Le défenseur historique de Charlie Hebdo, Me Richard Malka, avait affirmé : « On demande au tribunal de considérer qu'il n'est plus possible de faire rire avec le handicap. Nous concevons que ce dessin puisse blesser. Tout comme les caricatures religieuses sont aussi blessantes. La cible de ce dessin est Morano, pas les trisomiques. Le moyen humoristique est le déficit de compréhension. Ce n'est pas un préjugé, pas une incitation à la haine, mais bien une réalité ». Il avait achevé sa plaidoirie en mentionnant une phrase de Coluche : « La hausse du prix du pétrole entraîne des inquiétudes chez les handicapés moteurs ». Et d'ajouter : « Il n'a pas été poursuivi… ». Deux ans après l'attentat qui a décimé la rédaction du journal, l'avocat a voulu rappeler « en cette période de triste anniversaire, que c'est la mission de ce journal d'interroger la société, parfois avec irrévérence. Et, paradoxalement, ce procès prouve aussi que Charlie est bien en vie, n'en déplaise aux Cassandre, et que l'équipe actuelle s'est relevée et continue à porter ses combats dans le journal comme devant les tribunaux ».

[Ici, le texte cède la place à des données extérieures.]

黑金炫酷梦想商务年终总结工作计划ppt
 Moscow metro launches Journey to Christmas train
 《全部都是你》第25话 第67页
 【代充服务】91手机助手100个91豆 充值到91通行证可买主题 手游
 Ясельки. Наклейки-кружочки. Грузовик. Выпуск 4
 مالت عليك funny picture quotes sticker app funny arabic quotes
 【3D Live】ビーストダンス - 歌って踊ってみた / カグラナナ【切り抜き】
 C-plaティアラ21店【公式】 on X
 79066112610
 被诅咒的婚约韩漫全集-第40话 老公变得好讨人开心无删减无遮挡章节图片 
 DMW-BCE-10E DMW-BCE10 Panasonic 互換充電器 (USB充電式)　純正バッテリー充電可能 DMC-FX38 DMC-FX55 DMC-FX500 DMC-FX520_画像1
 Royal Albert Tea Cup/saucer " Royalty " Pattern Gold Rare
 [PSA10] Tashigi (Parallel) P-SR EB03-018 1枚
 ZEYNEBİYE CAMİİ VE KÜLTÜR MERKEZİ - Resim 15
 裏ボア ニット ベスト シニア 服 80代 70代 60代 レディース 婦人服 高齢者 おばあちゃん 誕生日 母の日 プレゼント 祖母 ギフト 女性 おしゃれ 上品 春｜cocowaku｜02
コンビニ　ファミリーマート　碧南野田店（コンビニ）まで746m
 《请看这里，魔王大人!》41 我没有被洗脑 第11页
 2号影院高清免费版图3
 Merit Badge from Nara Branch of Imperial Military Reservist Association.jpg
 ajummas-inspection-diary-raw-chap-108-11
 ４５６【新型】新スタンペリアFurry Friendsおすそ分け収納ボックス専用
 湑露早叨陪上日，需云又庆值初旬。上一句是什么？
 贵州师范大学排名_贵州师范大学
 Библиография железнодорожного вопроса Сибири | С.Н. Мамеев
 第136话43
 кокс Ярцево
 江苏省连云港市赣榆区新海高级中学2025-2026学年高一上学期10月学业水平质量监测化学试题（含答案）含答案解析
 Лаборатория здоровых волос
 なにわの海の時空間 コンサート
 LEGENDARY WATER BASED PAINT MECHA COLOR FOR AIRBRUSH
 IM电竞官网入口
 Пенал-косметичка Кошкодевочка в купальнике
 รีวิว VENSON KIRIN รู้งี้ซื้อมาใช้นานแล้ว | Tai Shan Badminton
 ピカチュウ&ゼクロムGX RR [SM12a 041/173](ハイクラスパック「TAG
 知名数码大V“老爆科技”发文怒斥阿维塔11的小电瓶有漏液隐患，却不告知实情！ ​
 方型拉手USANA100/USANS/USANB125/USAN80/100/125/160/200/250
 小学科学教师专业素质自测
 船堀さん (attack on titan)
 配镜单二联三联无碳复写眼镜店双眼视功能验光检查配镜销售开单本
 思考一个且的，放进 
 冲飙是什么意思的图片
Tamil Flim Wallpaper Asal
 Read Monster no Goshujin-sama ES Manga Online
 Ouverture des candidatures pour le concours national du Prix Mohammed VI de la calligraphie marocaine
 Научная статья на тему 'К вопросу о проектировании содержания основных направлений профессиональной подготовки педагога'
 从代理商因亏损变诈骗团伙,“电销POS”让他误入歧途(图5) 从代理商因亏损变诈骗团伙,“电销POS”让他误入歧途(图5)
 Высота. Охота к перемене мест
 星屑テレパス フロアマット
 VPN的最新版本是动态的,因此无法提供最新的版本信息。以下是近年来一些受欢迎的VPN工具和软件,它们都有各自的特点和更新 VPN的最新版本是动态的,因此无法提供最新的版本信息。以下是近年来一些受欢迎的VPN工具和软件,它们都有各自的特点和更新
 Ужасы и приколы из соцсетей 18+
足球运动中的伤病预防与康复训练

Trisomie 21 France pour la liberté d'expression
En octobre 2015, l'association Trisomie 21 France s'était montrée tolérante à l'égard de cette couverture (article en lien ci-dessous). « Les personnes avec trisomie 21 réfléchissent et avancent vers le plein exercice de leurs droits citoyens et des libertés individuelles, notamment la liberté d'expression, expliquait-elle à l'époque. C'est important et nous nous sommes battus pour cela après les attentats de Charlie. » De son côté, estimant qu'« une faiblesse ne doit être ni l'objet ni le moyen d'une moquerie », l'avocat du Collectif contre l'handiphobie a indiqué que l'association ferait appel.